Welcome to the Romney Fundraiser at the Zweigs', One of the World's Most Expensive Homes
While the will he or won't he speculation continues around whether Mitt Romney will appear at a Thursday fundraiser with Donald Trump, he is expected appear at one later that evening at the same location: the penthouse at the Pierre in New York City.
The private home in the tony hotel belongs to stock investor and financial analyst Martin Zweig and his wife Barbara.
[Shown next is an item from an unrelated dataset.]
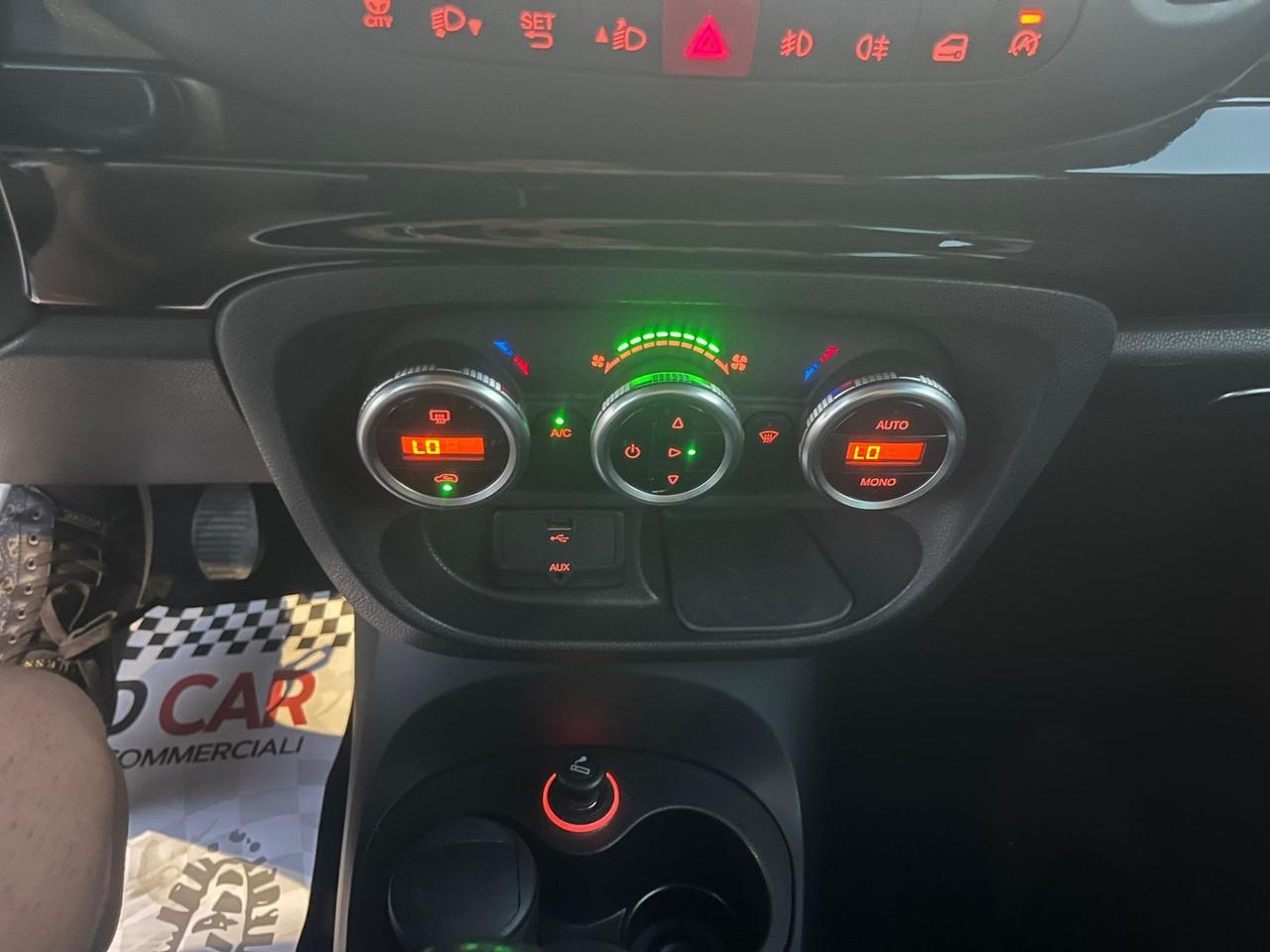 Fiat 500L 1.6 Multijet Trekking Unipro 2013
The Zweigs put it on the market in 2004 for $70 million, making it the most expensive private home in the country at the time.
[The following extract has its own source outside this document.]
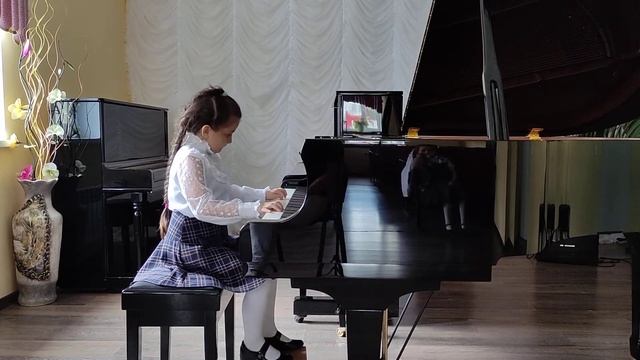 Хайруллина Арина, 7 лет. К.Черни - Г.Гермер. Этюд № 17, К.Черни- Г.Гермер. Этюд № 15 смотреть онлайн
Coming off Romney's weekend toasting his high-dollar donors, the $50,000-a-head event at the palatial residence of 16 rooms including five master bedrooms and seven full baths according to the luxury website Luxist (now called Styleist), will do nothing to shed the Democrats claim that Romney is out of touch.
The society magazine Avenue Insider had an interview with Zweig just this month and reported the couple bought the apartment in 1999 for $20 million, a record setter at the time as well.
"I thought it was underpriced," Zweig told the magazine.
Explaining why they put their home on the market in the mid 2000s, Zweig said it was because they "bought a boat," but they changed their mind taking it off the market.
"I love our apartment and don't want to leave," Zweig said.
Get more pure politics at ABC News.com/Politics and a lighter take on the news at OTUSNews.com
Another 2004 Luxist article describes the living room with 23 foot high ceilings as "the most magnificent privately owned room in the world," quoting the 2004 listing.
Just as Romney's top dollar donors-as well as Donald Trump will get to tomorrow-serious bidders were lucky enough to get a look at the 11,000-square-foot home on floors 41, 42 and 43 of the Pierre in 2004.
At the time, the apartment had a $48,000-a-month maintenance fee, which included maid and room service.
A Forbes article describing Zweig's talent at stock picking in the 1980s and 1990s describes his lifestyle as both "eccentric and lavish," collecting items like a "$52,000 pool table, Michael Jordan's Chicago Bulls rookie jersey and Buddy Holly's guitar." In 1997 he published a guide to his financial success called "Martin Zweig's Winning on Wall Street."
The home is no longer the country's most expensive, eclipsed by several jaw-dropping manses, including the former Beverly Hills home of Aaron Spelling, which sold last year to Petra Ecclestone, the 22-year-old daughter of Formula One CEO Bernie Ecclestone for $85 million.